State Services Commissioner Iain Rennie has released his findings in relation to a complaint from Kris Faafoi MP about aspects of the organisation and running of roadshows promoting the Kiwisaver Homestart programme, that is delivered by Housing New Zealand Corporation (HNZC).

The Commissioner has found two areas where different actions should have been taken to ensure political neutrality and an adequate separation of roles.

"I consider that these errors were due to failures of judgement, and a misunderstanding of the appropriate boundaries of roles," said Mr Rennie.

"I have not identified deliberate bias or inappropriate allocation of government resources in support of party political activity," said Mr Rennie.

Mr Faafoi's complaint relates to the apparent involvement of Government MPs in hosting a State services agency funded event, a staff member in the Office of the Minister of Building and Housing being involved in email discussions of a political nature, and the appropriateness of redactions made in the Official Information Act (OIA) response from HNZC to him on this issue.

"There are clear expectations of State servants set out in the Standards of Integrity and Conduct, in terms of remaining politically impartial," Mr Rennie said.

"These standards ensure that the State services can support both current and future Governments, and are a critical part of maintaining public trust and confidence in our system of public administration," he said.

"Any complaints about behaviour by State servants or agencies that does not meet the Standards of Integrity and Conduct are something I take seriously," said Mr Rennie.

State Services Commission staff have reviewed the relevant paperwork, including an un-redacted copy of the OIA response, and have discussed the matter with the chief executives and relevant senior managers of the agencies concerned, the Minister of Building and Housing, and Mr Faafoi.

Most of the correspondence in these emails was apolitical and unremarkable, regarding bookings, dates and other logistical and administrative matters. However, in some cases the correspondence strayed outside of what is appropriate for a Public Servant into discussing political matters.

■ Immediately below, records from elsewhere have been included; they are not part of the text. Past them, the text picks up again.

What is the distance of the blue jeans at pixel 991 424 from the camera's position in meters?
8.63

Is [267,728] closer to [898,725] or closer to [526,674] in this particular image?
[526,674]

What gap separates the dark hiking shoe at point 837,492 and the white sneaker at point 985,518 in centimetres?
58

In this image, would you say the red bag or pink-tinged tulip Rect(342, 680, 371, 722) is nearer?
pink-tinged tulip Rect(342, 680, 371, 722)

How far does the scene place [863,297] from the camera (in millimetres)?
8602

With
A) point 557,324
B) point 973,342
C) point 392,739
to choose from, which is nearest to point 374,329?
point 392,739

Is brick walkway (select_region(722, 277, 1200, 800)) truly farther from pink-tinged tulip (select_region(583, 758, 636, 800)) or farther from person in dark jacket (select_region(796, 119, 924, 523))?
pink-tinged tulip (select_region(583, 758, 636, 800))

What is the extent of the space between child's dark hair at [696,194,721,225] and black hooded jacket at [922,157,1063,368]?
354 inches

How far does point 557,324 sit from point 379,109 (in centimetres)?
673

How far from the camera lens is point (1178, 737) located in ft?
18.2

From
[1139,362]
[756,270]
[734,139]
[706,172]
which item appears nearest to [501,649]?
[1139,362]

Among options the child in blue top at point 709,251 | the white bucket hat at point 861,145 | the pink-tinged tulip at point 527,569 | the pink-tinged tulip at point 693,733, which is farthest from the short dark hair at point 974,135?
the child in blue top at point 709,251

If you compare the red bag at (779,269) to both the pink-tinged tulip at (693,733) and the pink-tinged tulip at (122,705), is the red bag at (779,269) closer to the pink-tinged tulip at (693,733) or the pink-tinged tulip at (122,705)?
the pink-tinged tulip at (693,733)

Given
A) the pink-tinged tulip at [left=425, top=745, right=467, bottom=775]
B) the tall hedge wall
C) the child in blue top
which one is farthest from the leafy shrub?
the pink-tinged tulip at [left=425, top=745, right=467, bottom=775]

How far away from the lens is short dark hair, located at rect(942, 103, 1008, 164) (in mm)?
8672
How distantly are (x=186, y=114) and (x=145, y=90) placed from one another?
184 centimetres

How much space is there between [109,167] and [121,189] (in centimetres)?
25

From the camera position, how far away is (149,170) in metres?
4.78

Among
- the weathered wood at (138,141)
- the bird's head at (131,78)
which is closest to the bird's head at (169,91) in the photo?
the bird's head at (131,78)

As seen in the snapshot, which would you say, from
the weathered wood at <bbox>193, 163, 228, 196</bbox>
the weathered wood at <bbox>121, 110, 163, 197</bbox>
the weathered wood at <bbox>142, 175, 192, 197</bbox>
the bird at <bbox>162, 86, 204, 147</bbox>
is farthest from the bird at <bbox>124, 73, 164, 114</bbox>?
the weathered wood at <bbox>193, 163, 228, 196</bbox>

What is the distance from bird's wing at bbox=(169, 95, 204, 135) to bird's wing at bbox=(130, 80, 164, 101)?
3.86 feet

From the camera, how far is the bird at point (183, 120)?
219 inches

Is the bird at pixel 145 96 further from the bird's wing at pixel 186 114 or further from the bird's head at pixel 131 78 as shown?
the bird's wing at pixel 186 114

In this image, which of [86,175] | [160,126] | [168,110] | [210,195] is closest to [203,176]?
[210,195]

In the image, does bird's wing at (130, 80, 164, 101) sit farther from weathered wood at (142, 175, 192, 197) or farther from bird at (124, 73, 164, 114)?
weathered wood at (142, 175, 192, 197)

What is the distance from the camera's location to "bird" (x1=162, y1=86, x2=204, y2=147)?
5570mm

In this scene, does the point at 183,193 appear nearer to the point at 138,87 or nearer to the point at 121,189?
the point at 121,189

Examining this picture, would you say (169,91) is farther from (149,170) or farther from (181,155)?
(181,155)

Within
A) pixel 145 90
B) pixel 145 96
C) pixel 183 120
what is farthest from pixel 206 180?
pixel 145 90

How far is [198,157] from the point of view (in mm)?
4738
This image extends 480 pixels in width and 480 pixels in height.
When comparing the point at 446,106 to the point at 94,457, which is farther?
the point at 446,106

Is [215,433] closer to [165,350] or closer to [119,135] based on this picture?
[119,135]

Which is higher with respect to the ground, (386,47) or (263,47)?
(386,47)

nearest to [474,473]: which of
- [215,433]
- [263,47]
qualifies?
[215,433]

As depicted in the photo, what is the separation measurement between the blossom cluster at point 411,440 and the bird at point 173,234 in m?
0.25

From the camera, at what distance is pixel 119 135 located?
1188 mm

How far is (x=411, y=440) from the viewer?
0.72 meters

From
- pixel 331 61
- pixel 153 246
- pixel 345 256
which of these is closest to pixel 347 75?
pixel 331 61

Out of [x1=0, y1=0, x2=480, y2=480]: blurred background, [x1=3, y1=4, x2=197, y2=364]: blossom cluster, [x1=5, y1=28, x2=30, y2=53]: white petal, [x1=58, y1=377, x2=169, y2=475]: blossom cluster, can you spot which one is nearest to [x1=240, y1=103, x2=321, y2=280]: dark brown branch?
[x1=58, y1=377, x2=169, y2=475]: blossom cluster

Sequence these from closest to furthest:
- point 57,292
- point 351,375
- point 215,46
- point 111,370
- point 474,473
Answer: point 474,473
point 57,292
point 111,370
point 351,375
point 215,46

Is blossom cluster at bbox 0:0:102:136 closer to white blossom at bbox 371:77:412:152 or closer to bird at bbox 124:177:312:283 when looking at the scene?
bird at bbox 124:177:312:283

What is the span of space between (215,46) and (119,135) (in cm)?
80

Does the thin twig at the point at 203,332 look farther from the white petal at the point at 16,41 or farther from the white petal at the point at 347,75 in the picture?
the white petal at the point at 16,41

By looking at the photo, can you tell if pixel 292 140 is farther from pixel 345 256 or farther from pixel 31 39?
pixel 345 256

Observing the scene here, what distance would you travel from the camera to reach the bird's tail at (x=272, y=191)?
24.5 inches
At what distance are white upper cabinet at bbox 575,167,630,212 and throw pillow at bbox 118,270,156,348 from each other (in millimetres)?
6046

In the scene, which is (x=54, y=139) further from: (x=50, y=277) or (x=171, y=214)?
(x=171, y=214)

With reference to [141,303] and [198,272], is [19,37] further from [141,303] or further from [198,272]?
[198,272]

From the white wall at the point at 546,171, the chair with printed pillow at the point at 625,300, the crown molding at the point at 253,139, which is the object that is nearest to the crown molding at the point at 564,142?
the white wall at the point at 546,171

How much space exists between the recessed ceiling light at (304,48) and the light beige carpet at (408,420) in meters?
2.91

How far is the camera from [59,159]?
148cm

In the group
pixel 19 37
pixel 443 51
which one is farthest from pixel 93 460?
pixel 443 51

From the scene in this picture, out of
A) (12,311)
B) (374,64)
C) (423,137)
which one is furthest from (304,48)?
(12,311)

"The Minister has advised me that he was not aware this was occurring until it became public, and all parties, including the staff member involved and the Minister, have acknowledged that this correspondence was inappropriate," said Mr Rennie.

"What happened was an error of judgement by an individual, but there is no indication of a wider issue," Mr Rennie said.

This matter has already been addressed directly by the staff member's employer, which is the appropriate way to resolve an issue of this nature.

"In relation to HNZC's involvement in the organisation and running of the roadshows there was an uncomfortable blurring of lines between the appropriate roles of a State services agency, the Office of the Minister and Government MPs," Mr Rennie said.

The issue in this case arises from the proposal that Government MPs from the locality would "host" at least some of the events, and directly invite constituents.

"While HNZC staff were not involved in any activity regarding local MPs involvement in eth roadshows, they missed opportunities to clarify the agency's role in a way that would have avoided a perception it was supporting a local Member of Parliament's event," Mr Rennie said.

HNZC should have sought greater clarity about the role of the Government MP at the event, and actively managed the risk that - as has transpired - the suggestion that a Government MP would "host" the event could lead to a perception that its own role in promoting and organising the event was not impartial.

Overall, SSC is confident that:

  • HNZC officials were endeavouring to support the government's promotion of the HomeStart initiative;
  • funding by HNZC was restricted to appropriate government advertising, in terms of its communication and logistical support; and
  • any blurring of boundaries that occurred due to the suggestion that the events be "hosted" locally by the government MP was not intentional.

"A government event hosted by the Minister to present unbiased and objective information about the implementation of government policy, supported by a State services agency, and attended by local MPs, is entirely uncontroversial," said Mr Rennie.

"Likewise, an event organised and hosted by a State services agency, attended by the Minister, and local dignitaries such as MPs is entirely appropriate," he said.

"These findings are a reminder to all government agencies of the need to ensure staff understand the appropriate boundaries and their obligation to ensure they are impartial - and are seen to be impartial - in all aspects of their conduct," Mr Rennie said.

The chief executives of both agencies concerned have indicated that they accept these findings and will look at internal processes to ensure their staff understand the risks of perceived inappropriate behaviour to themselves, Ministers, and their agencies, and can be helped to manage the boundaries appropriately.

The State Services Commissioner will discuss the lessons from those matters with chief executives, given their importance. State services agencies must be active in ensuring that the interface between the politically impartial work of State servants and the legitimate activities of MPs is managed well. Specifically, these events have highlighted two issues. First, departmental secondees in Ministerial offices should receive active support and coaching from their agencies to perform well, given the complex environment in which they work. Secondly, State services agencies must take care to manage the distinct but equally legitimate roles of State servants in communicating government policy on the one hand, and the political activities of MPs in promoting government policy on the other.

In addition, SSC staff will review the guidance available to support State servants in this area.

Matters relating to redactions made to the OIA response to Mr Faafoi are currently being investigated by the Ombudsman, who has the legal mandate to investigate complaints relating to OIA responses.